Immature Love Vs Mature Love [Migrated Post]

Immature love says I love you because I need you.’ Mature love says ‘I need you because I love you’. - Erich Fromm
I don’t consider myself fully ripe yet, but at its core I know that true love’s very nature is about being mature.
Love can only begin when you are righteous. Righteousness is a decision to firmly maintain an upright disposition in every respect of your being. It is the very essence of being mature.
I believe love ennobles us with gracious ethos. When we do things in love, it forces us to discern the difference between what we need and what we want.
George Orwell once said that sometimes, the first duty of intelligent men is the restatement of the obvious, and as a lover of wisdom, I believe it’s worth retelling what’s been told in every religion and across all faiths of humanity: What you ever need, you already have.

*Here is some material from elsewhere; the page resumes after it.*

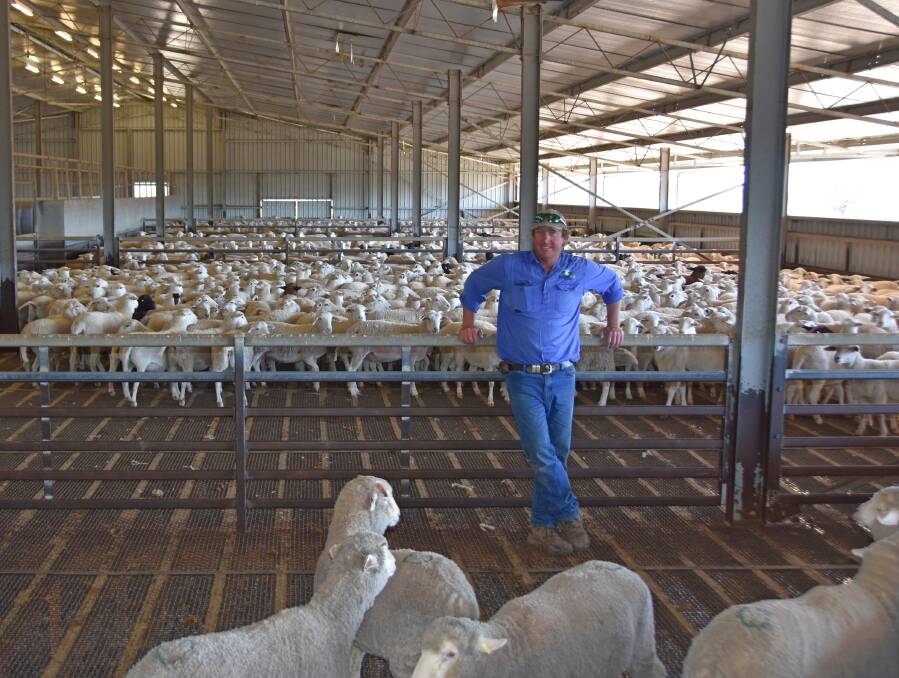 Robert Hickey, Protein Plus Australia, in the lamb feedlot at Mundine, Goondiwindi, which has a 3000 head capacity. Picture by Hayley Skelly-Kennedy.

I believe we can be nothing else greater than vessels of love. When we’re willing to submit to the abundance of grace that is readily available for us to perceive, we roost a heartfelt affection for one another, and our selves are made lovely in its grace.
Too often we think or feel we still need something outside of ourselves when every inch of this potential is already lying inside you. Think about those moments when you lose yourself into a project you’re passionate about. You become the child you used to be, sitting on the floor in stillness, quietly drawing out your figments of imagination.
Like the child’s innocence, I believe we don’t need a reason to love the subject or object of our affection, nor we should be ignorant of concedable dangers while indulging in our passions, for love is not the exclusion of reason, but the marriage between reason and passion.
It is about being still no matter what comes your way. Whether your loved ones have surpassed or transgressed, you maintain peace at heart and loves him or her any how.  Whenever you make mistakes in your drawing process, you forgive yourself and keep going anyway. You don’t seek to glorify your self or your other half, but you give honor to the truth – that all you need is love.
When we are conscious of this truth, we can only satisfy our lives through more giving and less of receiving. Merely a vessel of love, we no longer feel deserving special treatments. We stop comparing ourselves with one another. We stop holding selfish thoughts or think we can only feel good through the possession of another. Instead, we feel good by our inherent human need for each other's support, and we do this by giving and forgiving others no matter what happens.
Love requires no prerequisites. You don’t have to win every argument or take the number-one spot in every competition to be able to give love and forgive those who have done you wrong. It simply requires you to accept the truth – that all you ever need, you already have.
Once you submit to the truth, love blooms and becomes a continuous dance of correspondence with the Creator of love, a beautiful life as portrayed like the drawing imagined to reality by the innocent, yet mature child.